Top of Given entries

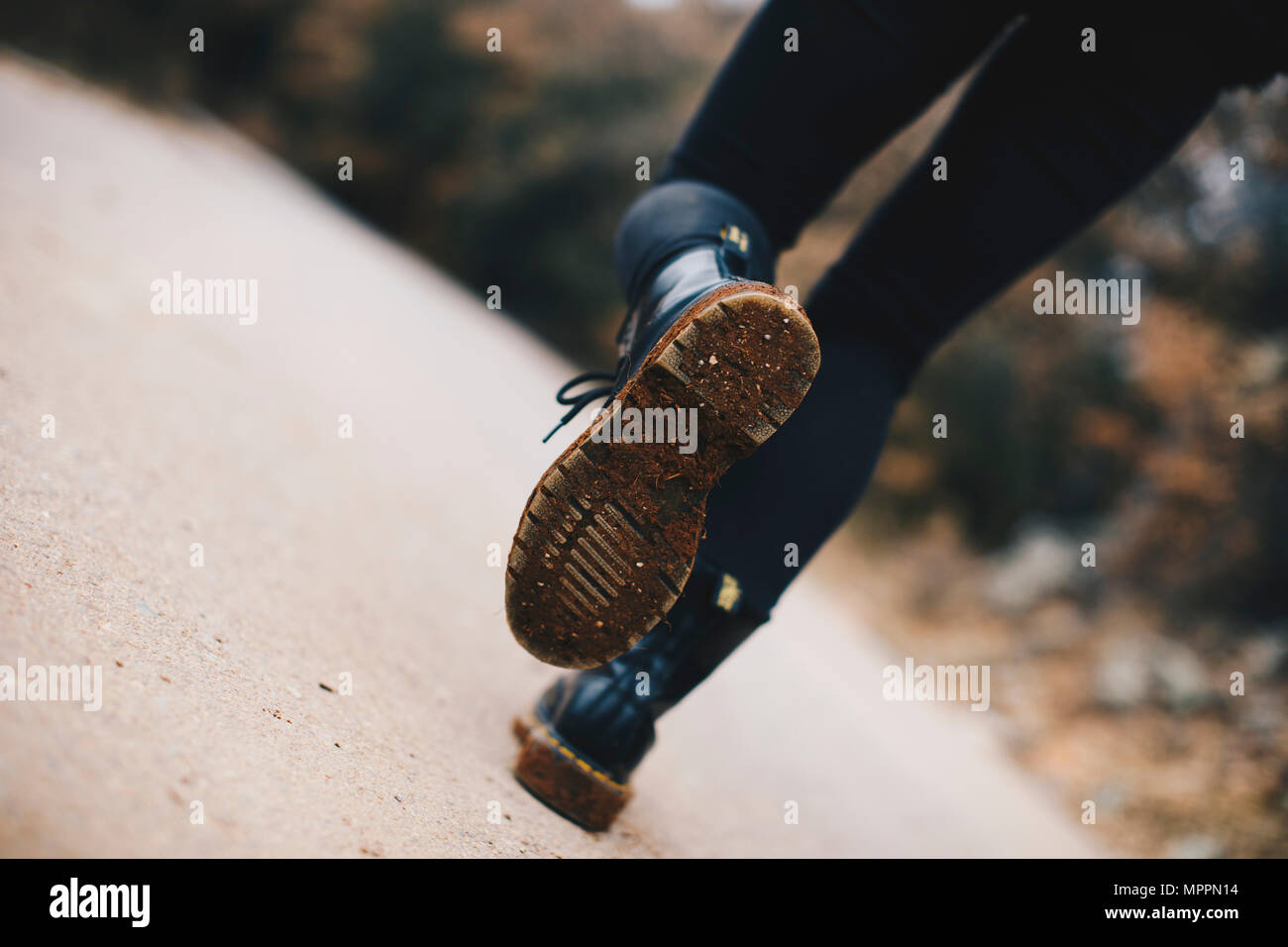 Suola sporca di stivali, close-up Foto Stock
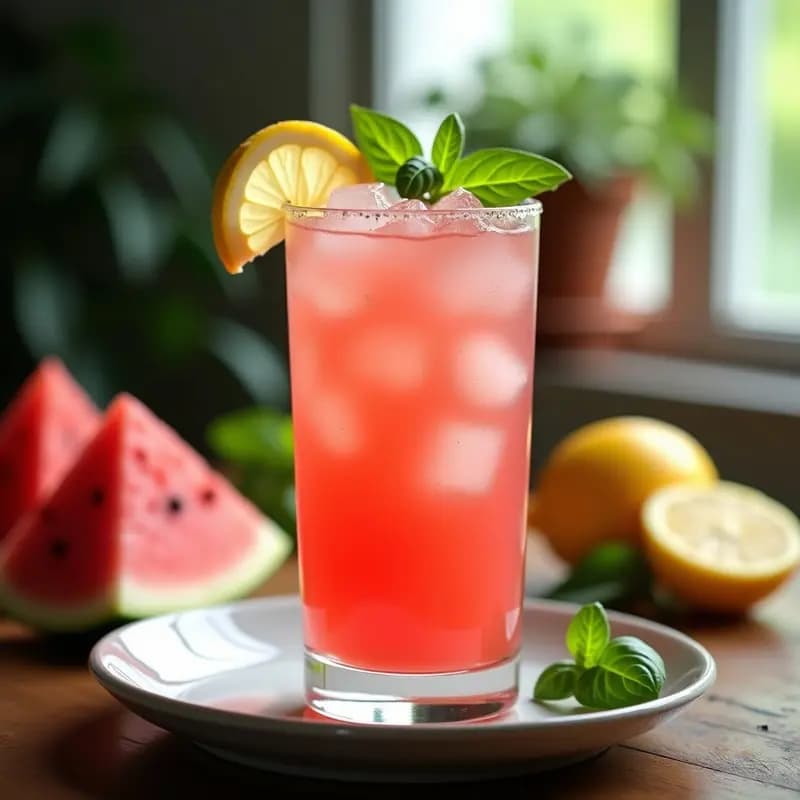 Copa alta transparente con cocktail de sandía y albahaca con limón, decorada con hojas frescas de albahaca y rodaja de limón, servida sobre una mesa rústica de madera con fondo de luz natural veraniega.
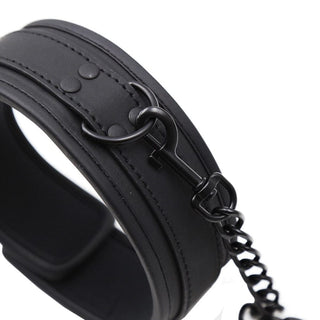 High-quality Black BDSM Collar and Leash Set for Intimate Play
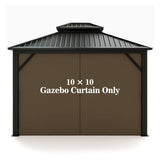 Gazebo Universal Replacement Privacy Curtain – Hugline 10' x 10' Gazebo Side Wall Outdoor Privacy Panel with Zipper (Brown) Hugline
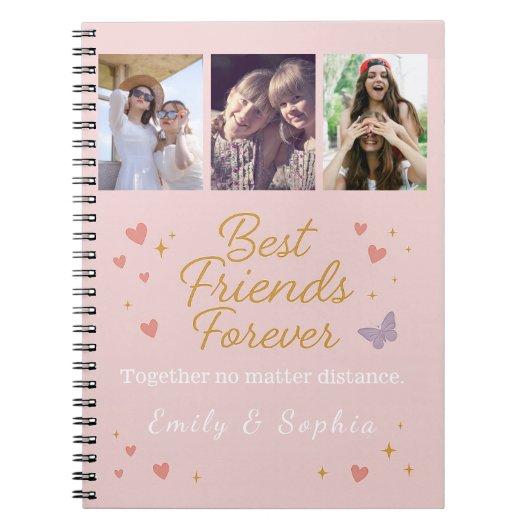 Best Friends Forever –Custom Spiral Photo Notebook Notitieboek (Voorkant)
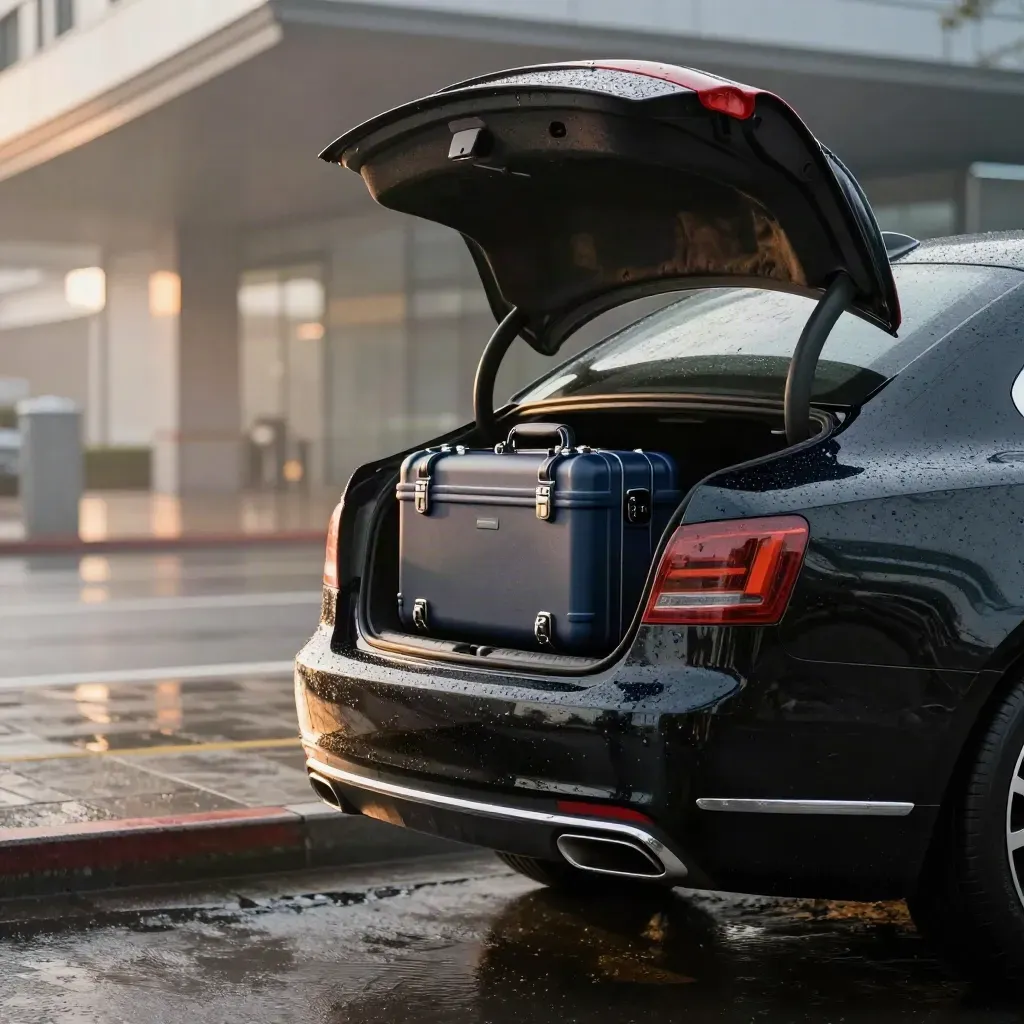 Black sedan with open boot and two cases waiting at a wet terminal curb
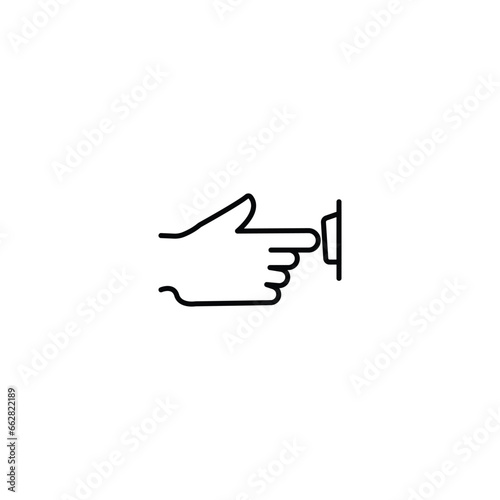 Ring door bell line con. finger pressing or Hand push bell button. Notification Alarm logo. Hand pressed ring alert. vector illustration design on white background. EPS 10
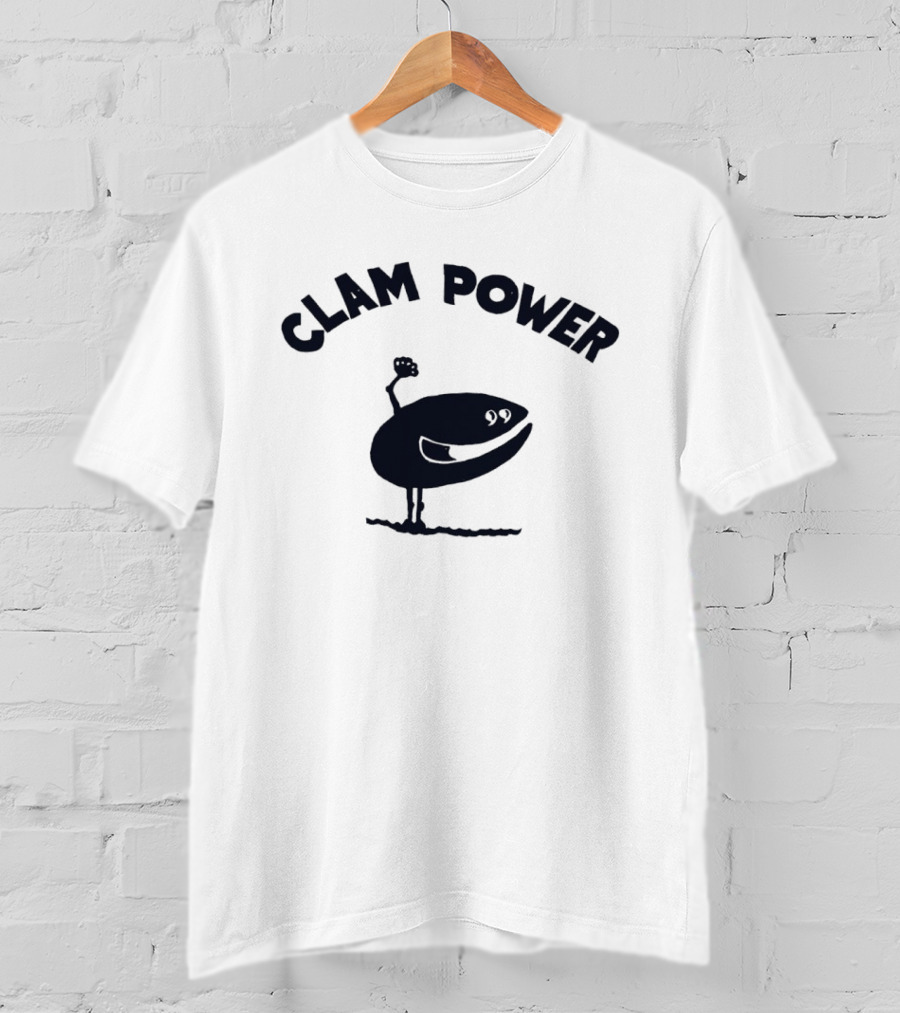 Clam Power Funny Cartoon Clam Arm Flexing T-Shirt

Bottom of Given entries

*Instructions for the task*. Once the line containing "Black sedan with" is found, write out exactly that line and each line after it through the end of the entries, omitting pictures.

*Worked solution*.
 Black sedan with open boot and two cases waiting at a wet terminal curb
 Ring door bell line con. finger pressing or Hand push bell button. Notification Alarm logo. Hand pressed ring alert. vector illustration design on white background. EPS 10
 Clam Power Funny Cartoon Clam Arm Flexing T-Shirt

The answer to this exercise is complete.